Anyway, there wasn’t much we could do to stop them. The ship was hurtling towards us at a rate of, I suppose you’d say, knots. It had great big blood-red sails, caked with ice, and ice-crusted oars, 20 on each side, heaving into the waves. Now one of the sailors had climbed up beside the dragon-head thing and was shouting to us. Dove Linn? it sounded like.

Yes, I shouted back. Dublin! Maybe if they took a shine to us, I was thinking, they might even ask us to be Vikings too! It would be brilliant being on a proper ship, with a roof, and towels, and spare socks, tucking into a delicious eel pie every night . . .

The Viking who’d asked the question was now conferring with his men. Dove linn, he was saying. They were shaking their heads and pointing back the way they’d come.

Finally, he picked up his axe and whacked one of them with it – not so hard as to behead him, just to knock him unconscious. The other Vikings got quiet then, and a few minutes later a rowboat was lowered over the side of the ship, with the violent Viking in it, and four others. It struck me that the lead Viking’s beard was a bit like one of the lads from ZZ Top, and I mentioned this to my friend the fisherman. But he wasn’t listening. Christ, he said. He’d gone white as a sheet, and as the oars splashed towards us, he glanced down at the water as if he was thinking of swimming for it.

Too late for that: the rowboat had already run up on to the shore (formerly the roof) and the Vikings climbed out. They were huge fellows; if Sweden had a rugby team, these guys would be on the first 15, no question. Of course, there was very little of Sweden left – certainly nothing big enough to play a game of rugby on. Equally, in our straitened times there was little call for beard models – otherwise the Vikings would have been in great demand. One had a long brown beard, like a young, better-looking Gandalf; another had a bushy grey beard that made him look like a violent Santa Claus. One had a wild beard of an unusual mixture of ginger, black and brown, so he looked like he was halfway through eating a tortoiseshell cat. I always noticed beards; back in the old days, my friends and I had been very proud of ours, which we would stroke thoughtfully as we queued for our flat whites, although we weren’t actually thinking anything and in retrospect we might have been better off doing something about the glaciers.

The main Viking addressed us in a bellow, something something something Dublin.

There’s no point bellowing, mate, I was on the point of saying. We don’t speak Viking here.

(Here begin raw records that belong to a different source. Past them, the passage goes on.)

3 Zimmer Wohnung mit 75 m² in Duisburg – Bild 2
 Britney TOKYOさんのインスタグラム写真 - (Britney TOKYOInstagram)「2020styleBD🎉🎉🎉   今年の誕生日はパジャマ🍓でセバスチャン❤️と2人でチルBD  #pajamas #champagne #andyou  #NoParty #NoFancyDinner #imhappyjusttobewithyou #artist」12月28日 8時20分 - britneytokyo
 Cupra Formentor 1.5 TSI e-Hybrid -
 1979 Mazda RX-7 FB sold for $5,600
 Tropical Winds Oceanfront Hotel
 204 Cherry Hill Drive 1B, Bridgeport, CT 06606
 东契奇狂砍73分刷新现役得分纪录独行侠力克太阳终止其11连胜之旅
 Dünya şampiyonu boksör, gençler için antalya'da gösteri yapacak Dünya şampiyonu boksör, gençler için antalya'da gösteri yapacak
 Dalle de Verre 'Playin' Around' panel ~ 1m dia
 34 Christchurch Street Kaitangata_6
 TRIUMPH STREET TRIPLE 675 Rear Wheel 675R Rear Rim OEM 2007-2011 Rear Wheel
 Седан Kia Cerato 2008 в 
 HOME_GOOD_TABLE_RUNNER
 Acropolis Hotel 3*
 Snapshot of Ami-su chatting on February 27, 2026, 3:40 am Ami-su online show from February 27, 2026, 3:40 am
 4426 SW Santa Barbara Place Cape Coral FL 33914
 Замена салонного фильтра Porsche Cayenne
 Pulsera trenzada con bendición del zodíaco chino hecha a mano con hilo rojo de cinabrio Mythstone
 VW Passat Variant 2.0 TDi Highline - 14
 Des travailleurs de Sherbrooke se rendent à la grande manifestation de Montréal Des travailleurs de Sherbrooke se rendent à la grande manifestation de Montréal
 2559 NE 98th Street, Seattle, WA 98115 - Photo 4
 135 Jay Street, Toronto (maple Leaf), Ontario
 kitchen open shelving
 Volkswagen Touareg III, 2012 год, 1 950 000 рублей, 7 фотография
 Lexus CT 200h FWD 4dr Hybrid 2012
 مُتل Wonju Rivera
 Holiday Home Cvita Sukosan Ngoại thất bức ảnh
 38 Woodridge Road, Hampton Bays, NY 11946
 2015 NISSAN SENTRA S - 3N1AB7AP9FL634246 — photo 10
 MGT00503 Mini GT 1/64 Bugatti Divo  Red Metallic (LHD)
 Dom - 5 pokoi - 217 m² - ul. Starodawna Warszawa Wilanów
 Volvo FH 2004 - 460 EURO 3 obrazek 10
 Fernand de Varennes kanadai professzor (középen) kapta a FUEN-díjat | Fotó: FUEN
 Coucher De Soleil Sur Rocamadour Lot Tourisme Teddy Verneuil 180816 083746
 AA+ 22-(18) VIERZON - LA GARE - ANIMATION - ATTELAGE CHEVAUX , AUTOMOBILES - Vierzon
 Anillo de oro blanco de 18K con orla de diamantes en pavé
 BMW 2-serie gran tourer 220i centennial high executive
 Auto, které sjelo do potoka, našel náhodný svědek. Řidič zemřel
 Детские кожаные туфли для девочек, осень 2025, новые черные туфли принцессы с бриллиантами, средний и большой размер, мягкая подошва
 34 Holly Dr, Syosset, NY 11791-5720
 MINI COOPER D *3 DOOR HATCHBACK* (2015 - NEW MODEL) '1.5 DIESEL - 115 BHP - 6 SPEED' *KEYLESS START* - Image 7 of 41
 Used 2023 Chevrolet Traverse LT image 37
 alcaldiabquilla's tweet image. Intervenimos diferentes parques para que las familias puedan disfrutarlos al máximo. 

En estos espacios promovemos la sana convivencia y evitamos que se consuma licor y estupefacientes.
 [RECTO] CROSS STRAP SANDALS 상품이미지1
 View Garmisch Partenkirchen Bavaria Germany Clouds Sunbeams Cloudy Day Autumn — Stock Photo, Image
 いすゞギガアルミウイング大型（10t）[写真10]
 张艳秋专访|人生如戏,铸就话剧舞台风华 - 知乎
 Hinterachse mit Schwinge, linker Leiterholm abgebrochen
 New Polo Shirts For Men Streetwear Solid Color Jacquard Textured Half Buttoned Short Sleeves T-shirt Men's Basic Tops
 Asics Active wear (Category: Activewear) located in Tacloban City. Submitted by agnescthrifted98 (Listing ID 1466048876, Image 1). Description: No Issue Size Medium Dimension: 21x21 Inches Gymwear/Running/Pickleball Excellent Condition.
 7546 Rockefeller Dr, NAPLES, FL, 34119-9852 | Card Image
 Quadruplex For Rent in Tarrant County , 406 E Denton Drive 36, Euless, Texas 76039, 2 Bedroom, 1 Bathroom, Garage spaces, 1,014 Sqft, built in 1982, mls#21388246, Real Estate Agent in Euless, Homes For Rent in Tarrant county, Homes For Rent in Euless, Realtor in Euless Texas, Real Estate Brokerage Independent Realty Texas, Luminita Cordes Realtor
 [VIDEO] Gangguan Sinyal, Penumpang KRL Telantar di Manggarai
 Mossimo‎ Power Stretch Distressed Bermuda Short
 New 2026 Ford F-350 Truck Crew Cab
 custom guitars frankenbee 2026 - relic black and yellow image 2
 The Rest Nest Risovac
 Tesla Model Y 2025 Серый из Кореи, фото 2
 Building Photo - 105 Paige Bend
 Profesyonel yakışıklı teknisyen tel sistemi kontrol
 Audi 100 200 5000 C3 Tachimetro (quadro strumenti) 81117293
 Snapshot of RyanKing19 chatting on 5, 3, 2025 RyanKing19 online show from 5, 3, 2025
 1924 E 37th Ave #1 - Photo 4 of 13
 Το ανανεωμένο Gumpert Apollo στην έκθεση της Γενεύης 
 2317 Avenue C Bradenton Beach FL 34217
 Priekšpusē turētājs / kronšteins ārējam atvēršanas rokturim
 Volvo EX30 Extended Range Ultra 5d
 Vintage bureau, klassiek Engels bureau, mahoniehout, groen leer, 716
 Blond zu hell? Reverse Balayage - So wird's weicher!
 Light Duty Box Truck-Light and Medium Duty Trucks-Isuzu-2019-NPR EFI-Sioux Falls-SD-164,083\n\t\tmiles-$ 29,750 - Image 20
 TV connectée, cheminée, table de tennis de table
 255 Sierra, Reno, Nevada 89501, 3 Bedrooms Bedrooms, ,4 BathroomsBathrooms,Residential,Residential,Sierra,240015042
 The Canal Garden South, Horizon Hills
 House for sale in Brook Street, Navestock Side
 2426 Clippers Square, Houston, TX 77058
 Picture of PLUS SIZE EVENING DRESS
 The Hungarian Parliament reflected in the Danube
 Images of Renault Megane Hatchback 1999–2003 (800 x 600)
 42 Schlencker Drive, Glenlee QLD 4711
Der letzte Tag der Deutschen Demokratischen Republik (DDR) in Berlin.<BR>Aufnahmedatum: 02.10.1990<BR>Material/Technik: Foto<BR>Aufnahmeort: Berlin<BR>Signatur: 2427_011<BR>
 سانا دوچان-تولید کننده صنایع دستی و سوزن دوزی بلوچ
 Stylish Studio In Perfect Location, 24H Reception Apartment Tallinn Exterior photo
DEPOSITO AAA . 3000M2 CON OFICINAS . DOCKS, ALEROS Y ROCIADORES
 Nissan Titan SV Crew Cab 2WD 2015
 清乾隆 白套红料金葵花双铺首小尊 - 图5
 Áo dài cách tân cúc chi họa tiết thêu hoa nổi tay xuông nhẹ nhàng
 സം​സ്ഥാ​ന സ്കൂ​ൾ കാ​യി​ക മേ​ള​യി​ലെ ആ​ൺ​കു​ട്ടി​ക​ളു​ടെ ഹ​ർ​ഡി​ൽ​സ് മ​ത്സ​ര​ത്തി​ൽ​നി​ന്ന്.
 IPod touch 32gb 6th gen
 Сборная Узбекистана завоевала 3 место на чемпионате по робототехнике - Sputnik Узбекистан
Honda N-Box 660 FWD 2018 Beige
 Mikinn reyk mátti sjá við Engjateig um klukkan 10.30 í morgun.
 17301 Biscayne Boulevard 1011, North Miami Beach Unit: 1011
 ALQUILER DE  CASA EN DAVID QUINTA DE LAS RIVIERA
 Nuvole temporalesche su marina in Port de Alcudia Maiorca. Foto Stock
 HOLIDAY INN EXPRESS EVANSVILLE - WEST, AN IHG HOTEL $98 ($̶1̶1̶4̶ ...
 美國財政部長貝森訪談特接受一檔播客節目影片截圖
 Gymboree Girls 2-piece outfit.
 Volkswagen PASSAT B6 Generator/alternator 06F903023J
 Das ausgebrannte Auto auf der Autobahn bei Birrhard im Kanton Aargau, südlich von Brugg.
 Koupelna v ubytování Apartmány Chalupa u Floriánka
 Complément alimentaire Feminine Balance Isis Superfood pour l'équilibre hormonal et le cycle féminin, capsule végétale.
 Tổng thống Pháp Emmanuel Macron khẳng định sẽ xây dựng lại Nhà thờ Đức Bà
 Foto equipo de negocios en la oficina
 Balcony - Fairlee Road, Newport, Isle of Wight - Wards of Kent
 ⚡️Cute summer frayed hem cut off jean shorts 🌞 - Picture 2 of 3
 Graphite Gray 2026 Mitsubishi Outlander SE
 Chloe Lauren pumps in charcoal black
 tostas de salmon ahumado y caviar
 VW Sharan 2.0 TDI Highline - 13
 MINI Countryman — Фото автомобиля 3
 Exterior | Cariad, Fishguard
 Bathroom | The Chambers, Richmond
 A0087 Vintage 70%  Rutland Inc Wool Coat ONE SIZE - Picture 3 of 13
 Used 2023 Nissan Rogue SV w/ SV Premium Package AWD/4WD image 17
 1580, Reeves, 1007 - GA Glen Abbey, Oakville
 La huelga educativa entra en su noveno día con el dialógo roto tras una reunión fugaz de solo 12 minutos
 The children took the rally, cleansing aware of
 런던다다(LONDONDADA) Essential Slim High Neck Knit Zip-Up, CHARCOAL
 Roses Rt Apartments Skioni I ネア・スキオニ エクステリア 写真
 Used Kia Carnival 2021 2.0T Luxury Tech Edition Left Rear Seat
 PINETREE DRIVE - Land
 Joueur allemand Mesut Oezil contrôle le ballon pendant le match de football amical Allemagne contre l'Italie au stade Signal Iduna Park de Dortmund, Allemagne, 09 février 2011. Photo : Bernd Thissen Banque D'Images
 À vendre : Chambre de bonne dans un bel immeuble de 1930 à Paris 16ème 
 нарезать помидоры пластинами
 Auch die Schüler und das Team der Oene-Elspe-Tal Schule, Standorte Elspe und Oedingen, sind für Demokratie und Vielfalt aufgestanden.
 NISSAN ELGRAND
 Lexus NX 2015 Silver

But my friend the fisherman replied to him in what appeared to be fluent Viking. They spoke back and forth for a few minutes. Then ZZ Top went to confer with the others.

You speak Viking? I asked the fisherman.

I used to work in Ikea, he said. Picked up a bit of Swedish, mostly relating to flatpack furniture, but I can follow what he's saying.

Which is what? I said.

The fisherman frowned. As far as I can work out, he said, these Vikings set sail from Sweden, but ran into a blizzard. They got stuck in the ice. It got colder and colder. Then the ice thawed and they found themselves back here.

How long were they stuck in the ice? I said.

They think a month, the fisherman said. But I wonder if it might have been more like . . .

A thousand years? I said.

That’s what the other Vikings were wondering too, he told me in a whisper. The lads from the rowboat were muttering to each other about back pay, and counting the months on their fingers. The main Viking, who the fisherman said was called Snorri, had to clock one of them on the head with his axe to get them to focus.

So this is Dublin? Snorri said.

That’s right, the fisherman said.

You’re sure? he said.

Positive, the fisherman said.

Snorri looked sceptical. I don’t remember there being all this water, he said.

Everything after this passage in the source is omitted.